### TASK DIRECTIONS
Copy the final lines exactly, starting at the one that contains "Defaulters, Loan Recoveries Climb" and ending with the last line of the listing below. Pictures are not part of the copy.

──────────

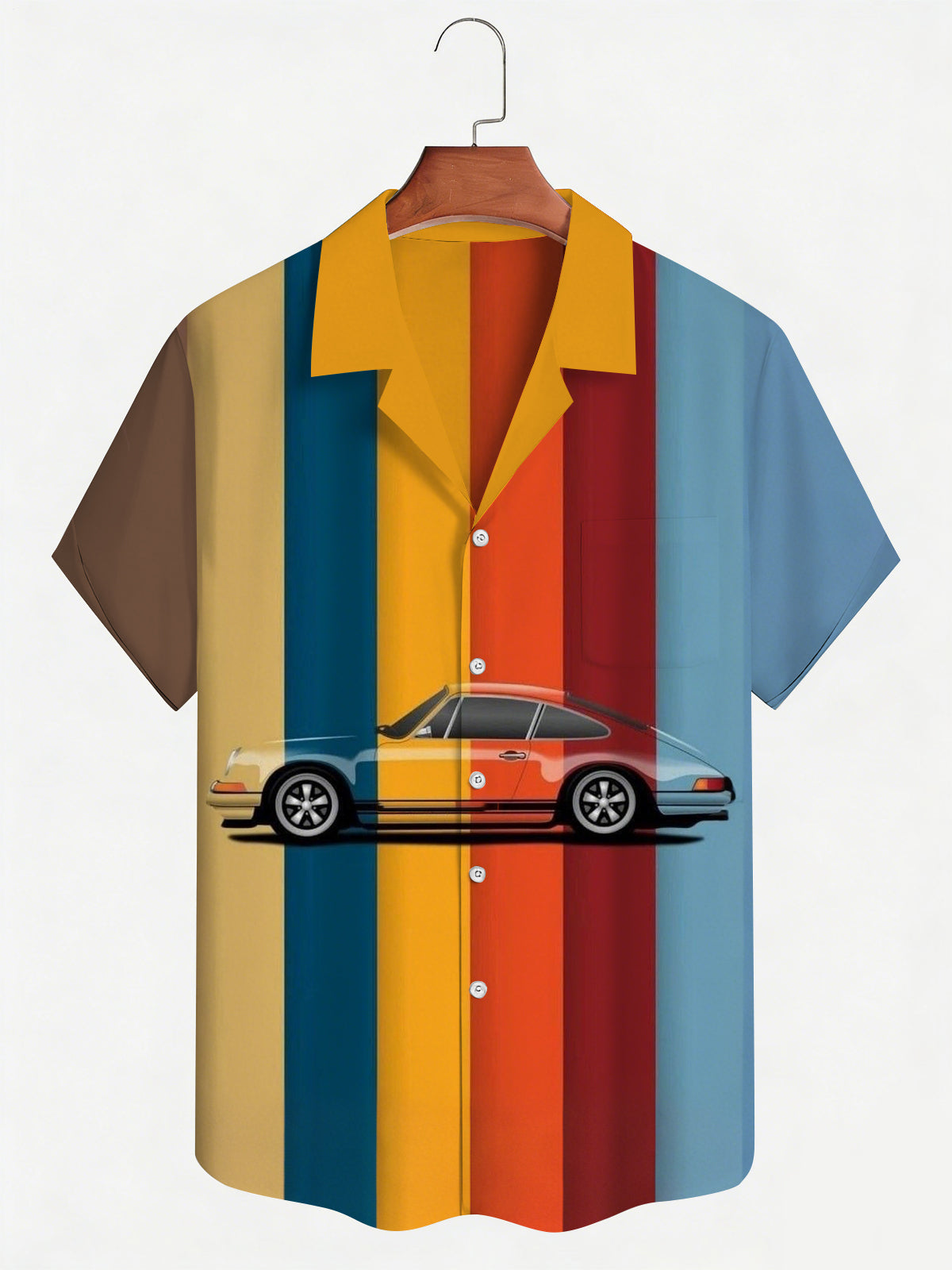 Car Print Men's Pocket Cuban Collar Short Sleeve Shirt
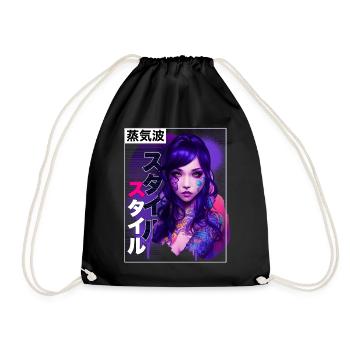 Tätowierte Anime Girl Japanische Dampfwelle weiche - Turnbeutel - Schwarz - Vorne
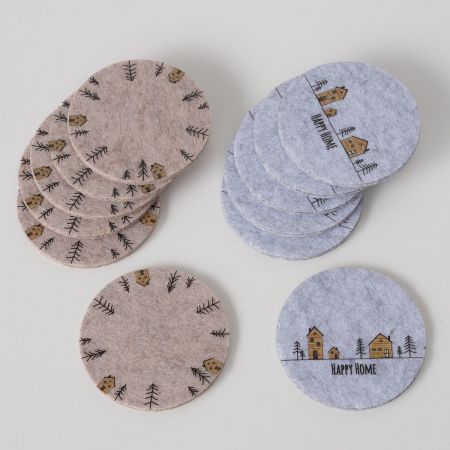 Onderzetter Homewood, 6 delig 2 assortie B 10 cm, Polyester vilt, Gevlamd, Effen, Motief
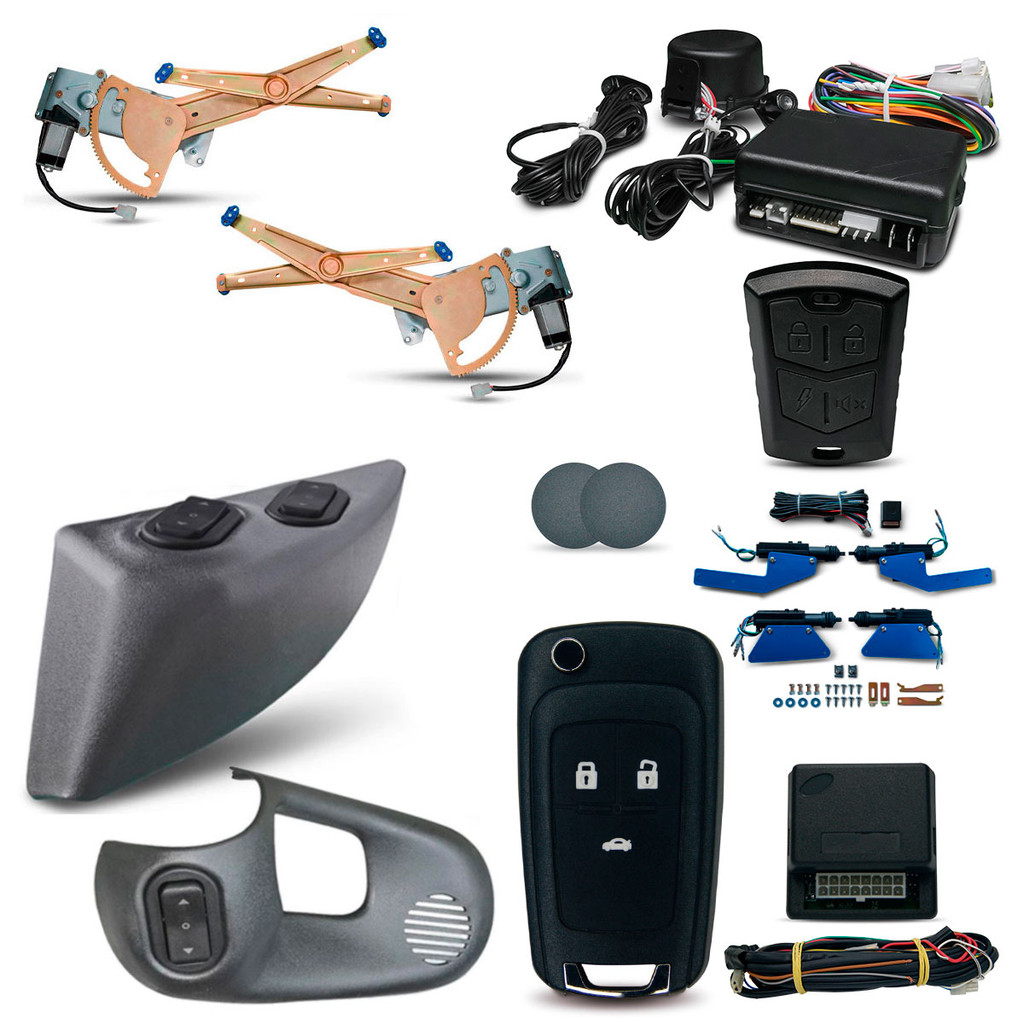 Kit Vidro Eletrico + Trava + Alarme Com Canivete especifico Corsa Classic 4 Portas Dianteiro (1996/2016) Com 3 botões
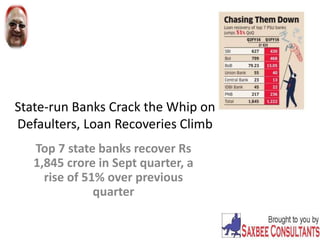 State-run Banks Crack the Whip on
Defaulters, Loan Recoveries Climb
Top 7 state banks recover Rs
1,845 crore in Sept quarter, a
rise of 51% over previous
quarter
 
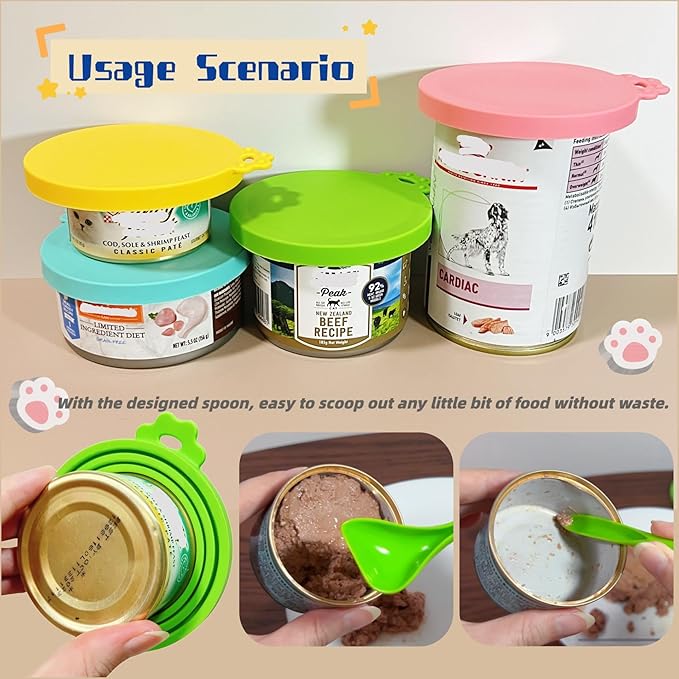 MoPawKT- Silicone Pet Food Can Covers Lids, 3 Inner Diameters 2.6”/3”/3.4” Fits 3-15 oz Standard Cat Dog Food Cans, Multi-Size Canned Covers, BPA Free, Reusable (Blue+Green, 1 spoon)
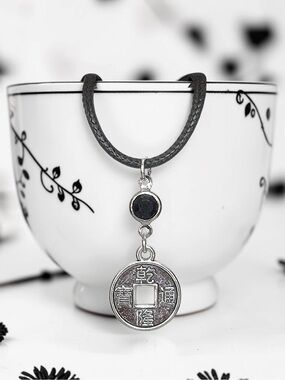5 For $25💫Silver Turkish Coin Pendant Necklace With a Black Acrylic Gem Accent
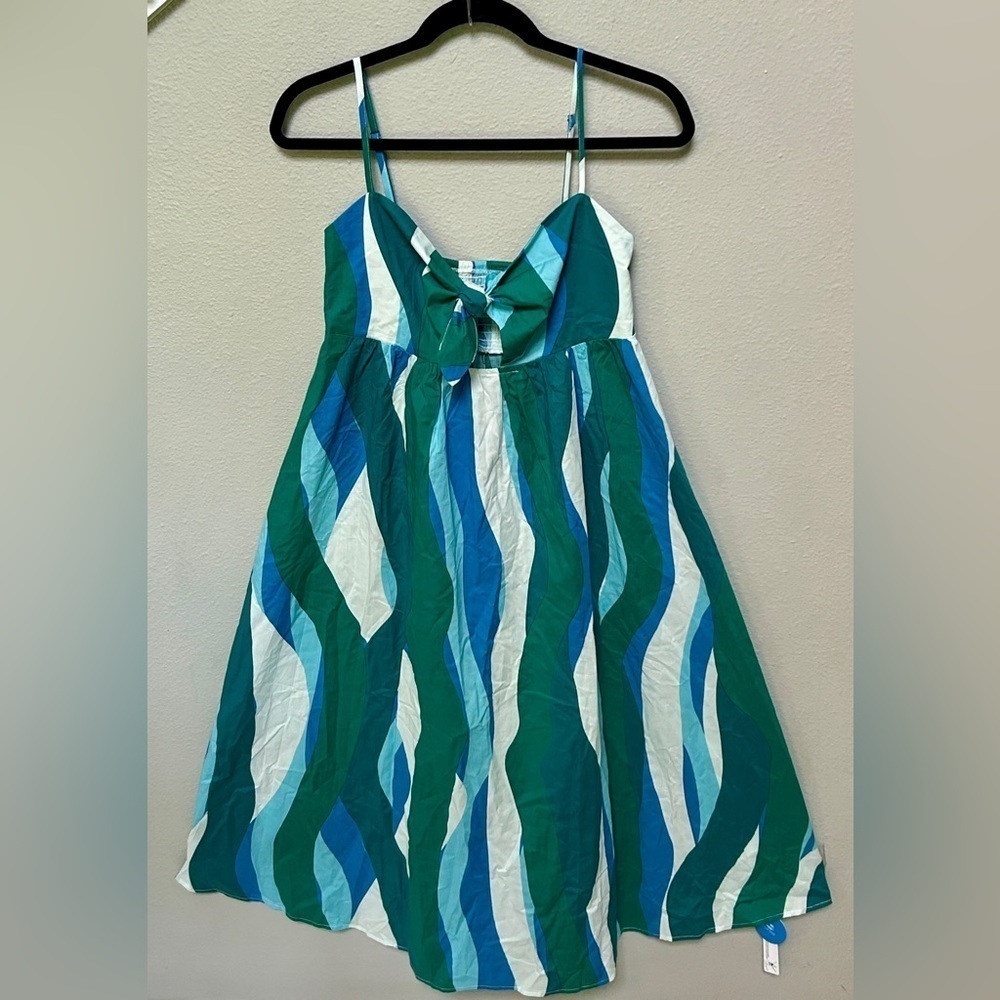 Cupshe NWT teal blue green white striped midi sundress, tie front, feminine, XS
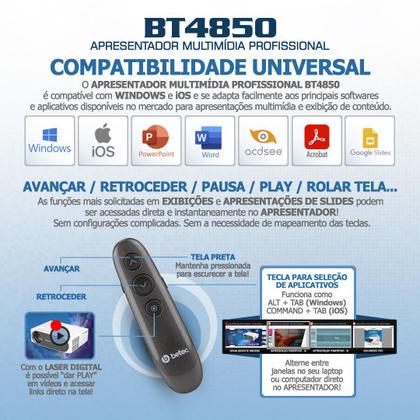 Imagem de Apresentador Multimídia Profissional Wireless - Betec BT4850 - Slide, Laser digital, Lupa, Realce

──────────

### TASK ANSWER
Defaulters, Loan Recoveries Climb
Top 7 state banks recover Rs
1,845 crore in Sept quarter, a
rise of 51% over previous
quarter
 
 MoPawKT- Silicone Pet Food Can Covers Lids, 3 Inner Diameters 2.6”/3”/3.4” Fits 3-15 oz Standard Cat Dog Food Cans, Multi-Size Canned Covers, BPA Free, Reusable (Blue+Green, 1 spoon)
5 For $25💫Silver Turkish Coin Pendant Necklace With a Black Acrylic Gem Accent
 Cupshe NWT teal blue green white striped midi sundress, tie front, feminine, XS
 Imagem de Apresentador Multimídia Profissional Wireless - Betec BT4850 - Slide, Laser digital, Lupa, Realce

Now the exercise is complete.